Telesat’s latest results emphasized the need to keep pushing ahead with its new low Earth orbit constellation – Lightspeed – during tougher times in the geostationary market.
Lightspeed is expected to launch in 2026 after a complex set of delays brought about during the pandemic, including switching its key supplier to MDA Space and successfully obtaining $2.54 billion in government loan financing for the project after inflation costs arose. (The number of initial satellites was also reduced to contain costs, but there is more than enough capacity for customers, Telesat has said.)
In an analyst call with investors on Thursday (March 27), CEO Dan Goldberg noted Telesat is poised for eventual growth with Lightspeed. With Telesat’s financial results coming during a federal election, he emphasized both the Conservative and Liberal defence policies have strategies in the Arctic. That is also a key area for Lightspeed, which is meant to bring better connectivity to government, enterprise and military customers in remote areas.

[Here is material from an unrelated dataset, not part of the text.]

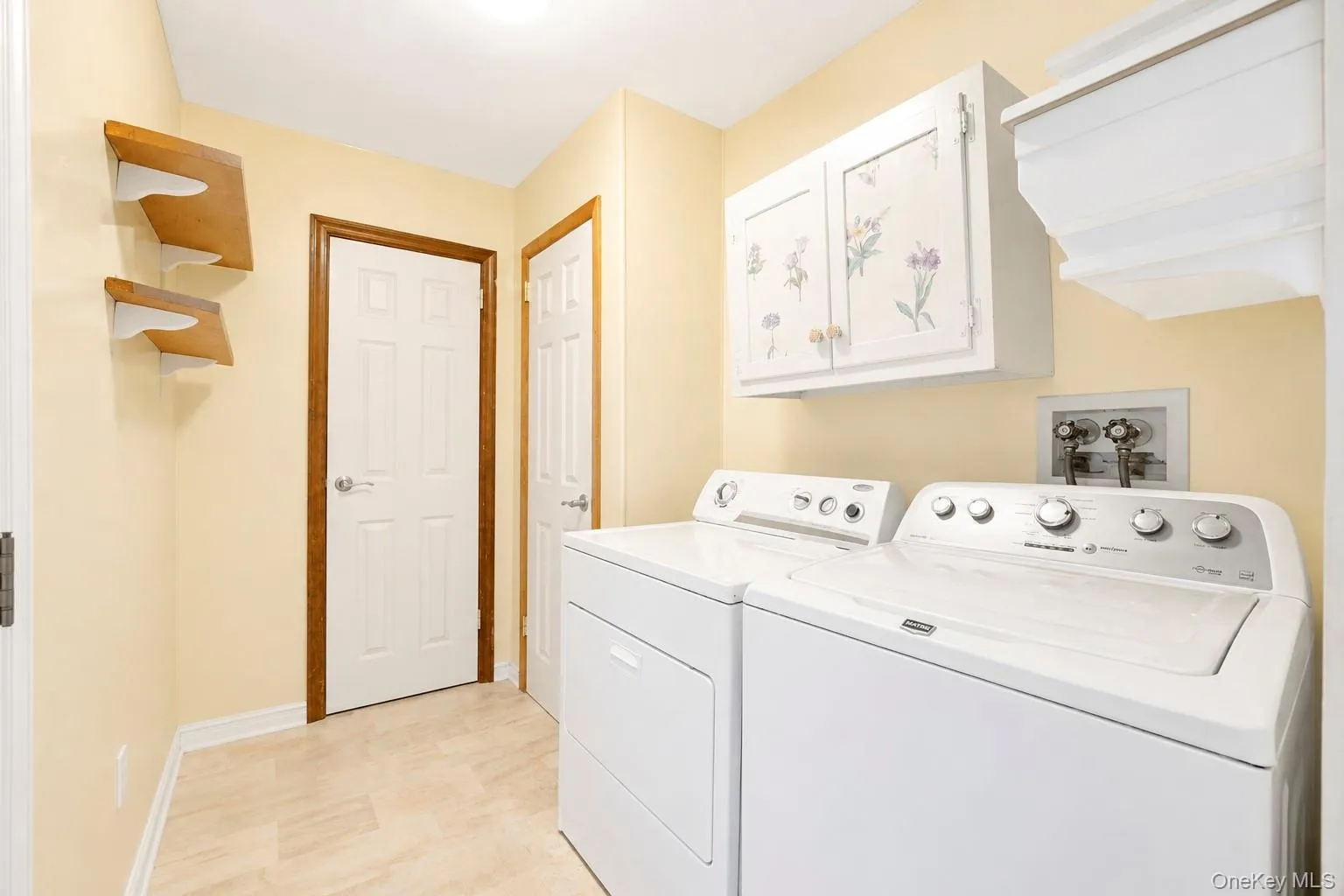 35 Sanford Street, Huntington, NY, 4 Bedrooms Bedrooms, 8 Rooms Rooms,2 BathroomsBathrooms,Residential,For Rent,Sanford,0,1027068 35 Sanford Street, Huntington, NY, 4 Bedrooms Bedrooms, 8 Rooms Rooms,2 BathroomsBathrooms,Residential,For Rent,Sanford,0,1027068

Arctic sovereignty and Arctic communications may have more meaning in the coming months to Canadian governments and business during “these geopolitical shifts”, Goldberg noted. He did offer specifics, but countries such as the United States and Russia are reportedly interested in Canada’s northern resources.
Meanwhile, Lightspeed completed its preliminary design review in December, and Telesat recently announced strategic partnerships with Space Norway, Orange, and ADN Telecom related to the project. Unusually, Telesat disclosed it is in “advanced negotiations” with Viasat for in-flight connectivity and commercial aerospace opportunities given Viasat was comfortable disclosing that information to its own customers and analysts, Goldberg said.
“My expectation is by the end of this year, the Lightspeed backlog will very likely eclipse what our GEO backlog was at the end of last year, that $1.1 billion Canadian,” Goldberg said, adding, “It’s going to shape up, but we’ve got to close these deals. Hopefully we’ll be making some announcements about that throughout the course of this year.”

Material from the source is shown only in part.